At this point, the SPD data from the radiometer had been adjusted for the tungsten light, and the RGB output from the camera had been "unbalanced" and had the gamma correction nonlinearity removed. We knew that the formula for calculating the RGB output from the SPD's was as follows.
RGB = SPD2RGB * SPD
SPD2RGB is the matrix which describes the color matching functions that we are looking for. The RGB values and SPD values were also stored in matrix form. As there were 84 wavelengths at which data was sampled, and 113 color swatches, the matrix multiplication looked something like the following.
RGB [3 x 113] = SPD2RGB [3 x 84] * SPD [84 x 113]

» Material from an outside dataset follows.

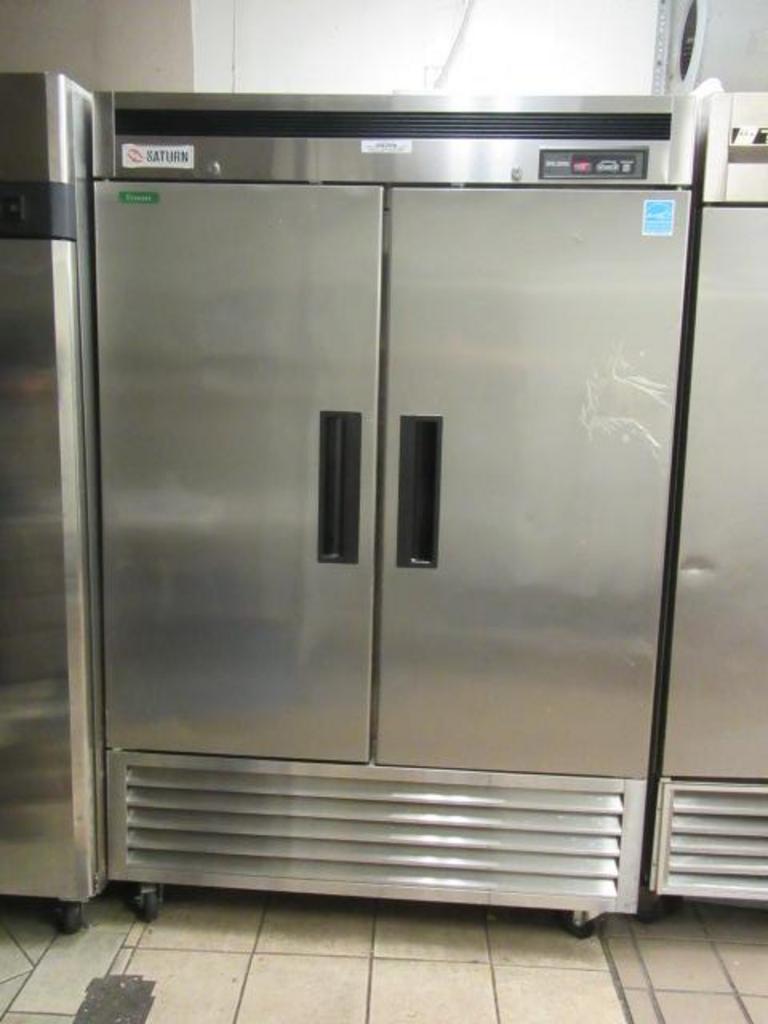 Auction Ohio Saturn Freezer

The most direct method of finding SPD2RGB is
SPD2RGB = SPD * inv(RGB)
This plot was very noisy, so it was necessary to do some extra processing to clean it up. We used two methods of noise reduction. First, we manipulated the equations in the following way, which caused Matlab's numeric matrix division function to find a best fit result using a least-squares approach. Second, we reduced the data and recreated the curves using a set of basis functions, using Matlab code provided by Dr. Wandell.
Our manipulations were as follows:
SPD2RGB = RGB * inv(SPD) = RGB / SPD (matlab notation)

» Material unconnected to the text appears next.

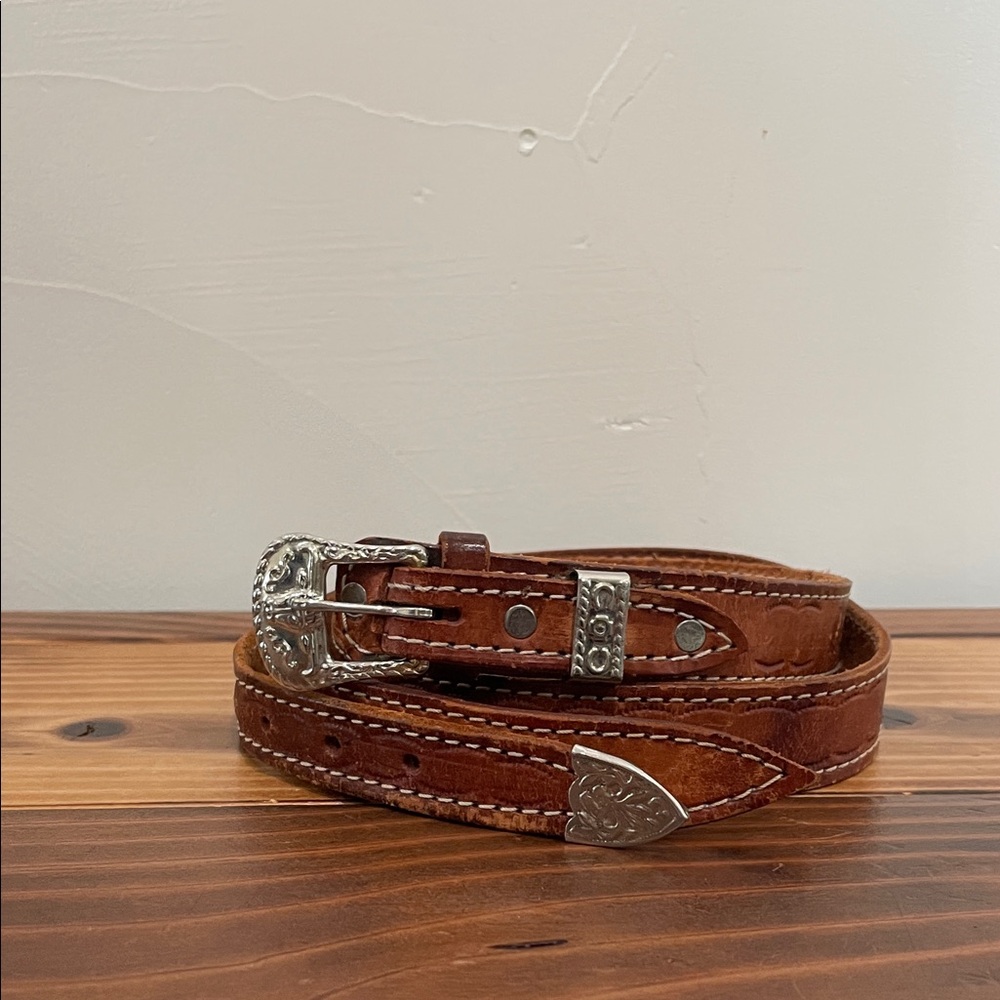 Vintage Levi’s Brown Tooled Leather Belt Size 34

RGB * inv(SPD) = inv(SPD * inv(RGB))
SPD * inv(RGB) = SPD / RGB (matlab notation)
=> SPD2RGB = inv(SPD / RGB) (This is the actual calculation done by our Matlab code.)

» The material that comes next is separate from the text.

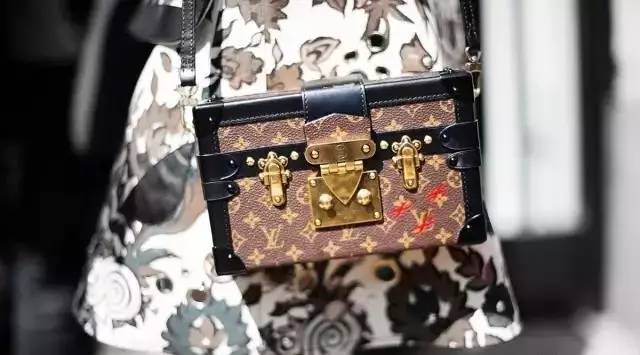 总说要Chanel、LV包包,但你连锁扣怎么打开都不知道!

The two methods produced the following sensor estimations. They are very
similar though. Our functions are based on our entire data set, while the
ones calculated by Professor Wandell's methods are based on fewer
representative values.
The difference between the two functions is shown here. It is interesting
to note the frequency differences apparent in the two.
One conjecture as to why this occurs looked at the colors of the original
swatches. They are ordered to some extent by hue, and then within this
ordering, their intensity oscillates.